Computational Mathematics for Learning and Data Analysis - Project 2019-2020

TRAINING A NEURAL NETWORK WITH NONLINEAR CONJUGATE GRADIENT AND LIMITED-MEMORY BFGS METHODS

ISANet lib has been extended to include the NCG FR/PR/HS and beta+ variants, and the L-BFGS methods.

Abastract

Neural Networks are highly expressive models that have achieved the state of the art performance in many tasks as pattern recognition, natural language processing, and many others. Usually, stochastic momentum methods coupled with the classical Backpropagation algorithm for the gradient computation is used in training a neural network. In recent years several methods have been developed to accelerate the learning convergence of first-order methods such as Classic Momentum, also known as Polyak's heavy ball method, or the Nesterov momentum. This work aims to go beyond the first-order methods and analyse some variants of the nonlinear conjugate gradient (NCG) and a specific case of limited-memory quasi-Newton class called L-BFGS as optimization methods. Them are combined with the use of a line search that respects the strong Wolfe conditions to accelerate the learning processes of a feedforward neural network.

Introduction

This project has been developed during the Computational Mathematics for learning and data analysis course held by Professor Antonio Frangioni and Professor Federico Poloni. The aims were to extend ISANet lib in order to include the NCG FR/PR/HS and beta+ variants, and the L-BFGS methods (as new optimizers) and study the objective function used during the learning phase from a mathematical and optimisation point of view.
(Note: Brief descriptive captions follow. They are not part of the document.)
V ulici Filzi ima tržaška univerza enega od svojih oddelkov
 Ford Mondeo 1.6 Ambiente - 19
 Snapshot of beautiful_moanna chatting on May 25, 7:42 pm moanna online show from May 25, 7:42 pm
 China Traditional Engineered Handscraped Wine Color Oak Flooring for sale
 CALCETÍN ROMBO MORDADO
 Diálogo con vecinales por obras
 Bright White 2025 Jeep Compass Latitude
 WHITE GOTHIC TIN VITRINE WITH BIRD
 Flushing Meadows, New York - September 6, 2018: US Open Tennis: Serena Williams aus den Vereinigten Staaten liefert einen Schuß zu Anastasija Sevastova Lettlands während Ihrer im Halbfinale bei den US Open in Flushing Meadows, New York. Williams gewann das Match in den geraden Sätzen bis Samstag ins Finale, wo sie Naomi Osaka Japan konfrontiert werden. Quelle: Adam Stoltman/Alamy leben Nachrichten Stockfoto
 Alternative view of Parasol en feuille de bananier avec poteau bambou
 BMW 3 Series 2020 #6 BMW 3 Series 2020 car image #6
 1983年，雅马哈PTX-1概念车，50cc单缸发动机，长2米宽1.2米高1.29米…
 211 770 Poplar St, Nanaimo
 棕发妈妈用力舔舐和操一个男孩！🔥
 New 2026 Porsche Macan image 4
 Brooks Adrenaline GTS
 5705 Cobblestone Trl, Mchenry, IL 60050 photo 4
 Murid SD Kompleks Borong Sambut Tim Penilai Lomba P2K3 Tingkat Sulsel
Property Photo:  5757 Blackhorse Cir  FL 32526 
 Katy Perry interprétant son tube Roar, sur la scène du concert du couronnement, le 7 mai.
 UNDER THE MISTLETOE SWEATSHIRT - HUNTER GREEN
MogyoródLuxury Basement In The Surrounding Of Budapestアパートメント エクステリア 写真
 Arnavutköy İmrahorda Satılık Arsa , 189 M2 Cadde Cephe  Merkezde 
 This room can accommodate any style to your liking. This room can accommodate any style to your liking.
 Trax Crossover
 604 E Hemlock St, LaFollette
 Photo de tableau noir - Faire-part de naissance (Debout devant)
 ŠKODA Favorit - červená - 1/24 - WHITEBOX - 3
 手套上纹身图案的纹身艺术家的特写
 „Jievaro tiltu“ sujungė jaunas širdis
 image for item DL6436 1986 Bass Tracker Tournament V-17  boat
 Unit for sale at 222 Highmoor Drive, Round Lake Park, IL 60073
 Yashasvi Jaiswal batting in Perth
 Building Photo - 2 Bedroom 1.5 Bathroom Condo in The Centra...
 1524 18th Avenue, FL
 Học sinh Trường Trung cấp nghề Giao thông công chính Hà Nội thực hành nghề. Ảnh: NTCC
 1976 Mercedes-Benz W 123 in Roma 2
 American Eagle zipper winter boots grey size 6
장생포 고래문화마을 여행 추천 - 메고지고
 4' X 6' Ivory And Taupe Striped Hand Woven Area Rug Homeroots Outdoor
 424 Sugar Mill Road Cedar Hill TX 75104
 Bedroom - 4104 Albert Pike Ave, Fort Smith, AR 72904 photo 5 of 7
All the detalis about the project can be found on the full report here.
ISANet is is open source library and can be found at this link. For more details about the library just visit the repo or explore the docs.

Here we decided to derive three objective functions from the three MONK dataset and study the convergence at their local minimum with the NCG and L-BFGS. Objective functions built through the following procedure:

A MONK’s training set (1,2,3) is taken, since the features are categorical, the one-hot encoding technique has been applied on them, obtaining 17 binary features.
A fixed network topology: 17 (input units) - 4 (hidden units) - 1 (output unit). The sigmoid activation function has been used on both hidden and output layers.
The objective function is in the form the MSE plus a L2 regularization term. The L2 term allows to keep the objective function continuous and differentiable (property is already given by the sigmoid activation used in the neural network). Moreover, it makes the level set compact, the gradient and the hessian L-continuous. Here the objective function for each Monk dataset i composed by the error and the regularization term with λ = 10−4,

$L_i(w) = E_i(\mathbf{w}) + 10^{-4}\left \| \mathbf{w} \right \|^2,\; \; i \in (1,2,3)$

where E_i is the MSE and 10^-4||w||^2 is the regularization term.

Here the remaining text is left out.